[seqfan] Re: A class of partitions.

[William Keith]

On Sun, Apr 28, 2013 at 5:08 PM, L. Edson Jeffery <lejeffery2 at gmail.com>wrote:

>
> But the number of
> partitions of N for which no part is greater than k is equal to the number
> of partitions of N with precisely k parts, N = 1, 2, ..., 1 <= k <= N.
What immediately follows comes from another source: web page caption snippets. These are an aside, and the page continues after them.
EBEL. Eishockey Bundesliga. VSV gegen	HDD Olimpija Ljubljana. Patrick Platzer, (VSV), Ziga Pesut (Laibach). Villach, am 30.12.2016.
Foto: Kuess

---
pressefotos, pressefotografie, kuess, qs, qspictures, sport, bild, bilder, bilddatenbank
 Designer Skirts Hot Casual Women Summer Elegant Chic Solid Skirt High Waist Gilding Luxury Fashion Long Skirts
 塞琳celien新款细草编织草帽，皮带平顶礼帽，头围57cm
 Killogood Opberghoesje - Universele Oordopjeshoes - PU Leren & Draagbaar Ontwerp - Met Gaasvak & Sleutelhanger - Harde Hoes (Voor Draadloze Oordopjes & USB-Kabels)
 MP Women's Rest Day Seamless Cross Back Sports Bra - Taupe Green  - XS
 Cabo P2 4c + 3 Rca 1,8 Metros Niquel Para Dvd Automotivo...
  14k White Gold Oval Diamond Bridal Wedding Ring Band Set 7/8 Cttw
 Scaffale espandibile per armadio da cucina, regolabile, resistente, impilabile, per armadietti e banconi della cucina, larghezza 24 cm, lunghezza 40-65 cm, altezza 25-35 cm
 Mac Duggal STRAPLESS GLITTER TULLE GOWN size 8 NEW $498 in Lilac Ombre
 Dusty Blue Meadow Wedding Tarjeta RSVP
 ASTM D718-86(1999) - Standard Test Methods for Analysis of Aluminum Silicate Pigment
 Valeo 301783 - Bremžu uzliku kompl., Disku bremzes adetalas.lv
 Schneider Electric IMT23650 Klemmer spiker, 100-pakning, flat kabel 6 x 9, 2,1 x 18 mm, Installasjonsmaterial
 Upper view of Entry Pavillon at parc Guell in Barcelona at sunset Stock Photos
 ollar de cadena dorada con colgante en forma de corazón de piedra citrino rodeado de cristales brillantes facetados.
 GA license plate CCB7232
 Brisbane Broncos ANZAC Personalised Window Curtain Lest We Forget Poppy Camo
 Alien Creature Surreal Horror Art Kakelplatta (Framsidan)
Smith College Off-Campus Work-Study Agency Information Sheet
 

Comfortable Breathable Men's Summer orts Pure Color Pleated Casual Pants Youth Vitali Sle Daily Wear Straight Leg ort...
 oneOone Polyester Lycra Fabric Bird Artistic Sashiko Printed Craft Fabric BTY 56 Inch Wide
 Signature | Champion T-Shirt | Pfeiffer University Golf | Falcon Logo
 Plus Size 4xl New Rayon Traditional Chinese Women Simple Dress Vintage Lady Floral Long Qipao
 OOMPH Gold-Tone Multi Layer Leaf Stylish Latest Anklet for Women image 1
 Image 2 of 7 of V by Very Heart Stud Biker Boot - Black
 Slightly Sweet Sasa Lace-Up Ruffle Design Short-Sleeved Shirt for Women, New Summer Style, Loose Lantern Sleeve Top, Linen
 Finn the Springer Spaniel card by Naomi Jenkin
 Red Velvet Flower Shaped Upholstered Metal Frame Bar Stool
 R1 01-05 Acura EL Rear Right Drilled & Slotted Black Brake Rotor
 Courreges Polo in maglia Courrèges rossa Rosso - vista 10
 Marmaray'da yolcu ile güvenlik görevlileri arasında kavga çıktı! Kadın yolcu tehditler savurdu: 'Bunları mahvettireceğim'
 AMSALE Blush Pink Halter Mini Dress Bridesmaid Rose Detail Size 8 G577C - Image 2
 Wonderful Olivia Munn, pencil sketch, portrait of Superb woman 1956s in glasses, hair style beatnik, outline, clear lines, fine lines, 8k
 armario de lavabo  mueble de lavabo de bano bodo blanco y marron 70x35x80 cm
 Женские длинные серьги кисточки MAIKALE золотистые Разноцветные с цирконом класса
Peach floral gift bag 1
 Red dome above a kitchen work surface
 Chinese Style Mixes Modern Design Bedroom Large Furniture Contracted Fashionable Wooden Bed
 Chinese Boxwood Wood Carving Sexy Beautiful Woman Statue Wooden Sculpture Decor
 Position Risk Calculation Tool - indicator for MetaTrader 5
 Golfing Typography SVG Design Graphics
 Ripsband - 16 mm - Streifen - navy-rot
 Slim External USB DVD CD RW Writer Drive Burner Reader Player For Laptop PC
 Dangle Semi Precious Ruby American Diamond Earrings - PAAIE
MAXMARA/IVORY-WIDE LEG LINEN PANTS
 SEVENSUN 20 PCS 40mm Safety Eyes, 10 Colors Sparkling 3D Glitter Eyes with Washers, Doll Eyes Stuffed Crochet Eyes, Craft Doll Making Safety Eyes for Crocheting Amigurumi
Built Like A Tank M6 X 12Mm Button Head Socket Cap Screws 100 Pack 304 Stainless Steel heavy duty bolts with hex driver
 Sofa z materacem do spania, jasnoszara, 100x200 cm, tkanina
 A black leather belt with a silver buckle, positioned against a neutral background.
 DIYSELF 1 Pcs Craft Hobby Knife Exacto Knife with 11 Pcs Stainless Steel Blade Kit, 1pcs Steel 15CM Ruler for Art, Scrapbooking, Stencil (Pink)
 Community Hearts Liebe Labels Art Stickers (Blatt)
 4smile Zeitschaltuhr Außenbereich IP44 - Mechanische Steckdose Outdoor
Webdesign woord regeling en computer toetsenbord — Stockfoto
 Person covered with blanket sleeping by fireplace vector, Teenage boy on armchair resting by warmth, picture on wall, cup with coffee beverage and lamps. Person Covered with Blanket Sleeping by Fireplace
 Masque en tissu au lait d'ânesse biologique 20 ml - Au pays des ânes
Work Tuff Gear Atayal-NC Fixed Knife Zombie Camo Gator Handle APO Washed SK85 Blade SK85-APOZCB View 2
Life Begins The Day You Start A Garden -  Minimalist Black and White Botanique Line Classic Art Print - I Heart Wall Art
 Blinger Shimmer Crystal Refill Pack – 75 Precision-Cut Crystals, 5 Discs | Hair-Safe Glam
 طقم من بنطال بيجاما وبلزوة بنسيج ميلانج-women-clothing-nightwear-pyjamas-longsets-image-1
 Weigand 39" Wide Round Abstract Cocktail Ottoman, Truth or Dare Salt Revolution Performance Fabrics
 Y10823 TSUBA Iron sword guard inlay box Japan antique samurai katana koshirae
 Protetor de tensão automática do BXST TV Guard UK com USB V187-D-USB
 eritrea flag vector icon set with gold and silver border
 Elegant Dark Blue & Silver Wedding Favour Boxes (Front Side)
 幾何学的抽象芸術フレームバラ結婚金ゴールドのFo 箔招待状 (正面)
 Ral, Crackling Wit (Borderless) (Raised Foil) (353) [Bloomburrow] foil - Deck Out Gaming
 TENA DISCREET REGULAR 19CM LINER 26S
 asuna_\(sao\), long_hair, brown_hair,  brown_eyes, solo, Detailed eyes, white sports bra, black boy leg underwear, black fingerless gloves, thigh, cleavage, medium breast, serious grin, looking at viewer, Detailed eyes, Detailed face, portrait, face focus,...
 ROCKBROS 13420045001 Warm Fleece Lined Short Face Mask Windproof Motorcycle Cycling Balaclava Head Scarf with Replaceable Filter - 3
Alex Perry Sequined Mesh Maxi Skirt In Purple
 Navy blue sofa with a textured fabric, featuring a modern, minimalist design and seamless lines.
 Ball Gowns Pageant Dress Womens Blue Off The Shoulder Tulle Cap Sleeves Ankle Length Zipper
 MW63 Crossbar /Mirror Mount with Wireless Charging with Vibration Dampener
The sum over these k gives partitions of N with no part greater than N, yes.


> Then
> apparently the number of partitions of 2*n+1 for which no part is greater
> than n should be given by
>
> a(n) = sum_{k=1,...,n} A008284(2*n+1,k)
>      = coefficient of x^(2*n+1) in series expansion of
> 1/((1-x)*(1-x^2)*...*(1-x^n)),
>
> unless I made a mistake.
>

Both of those expressions are correct.

>
> It appears further that the series expansion of
> x^(N-1)/((1-x)*(1-x^2)*...*(1-x^k))
> generates column k of A008284.
>


> If true, then that generating function is
> not included in the formula section of A008284.
>

This is essentially Wolfdieter Lang's comment from 2000.  The power of x in
the numerator only changes the offset slightly.

Cordially,
William Keith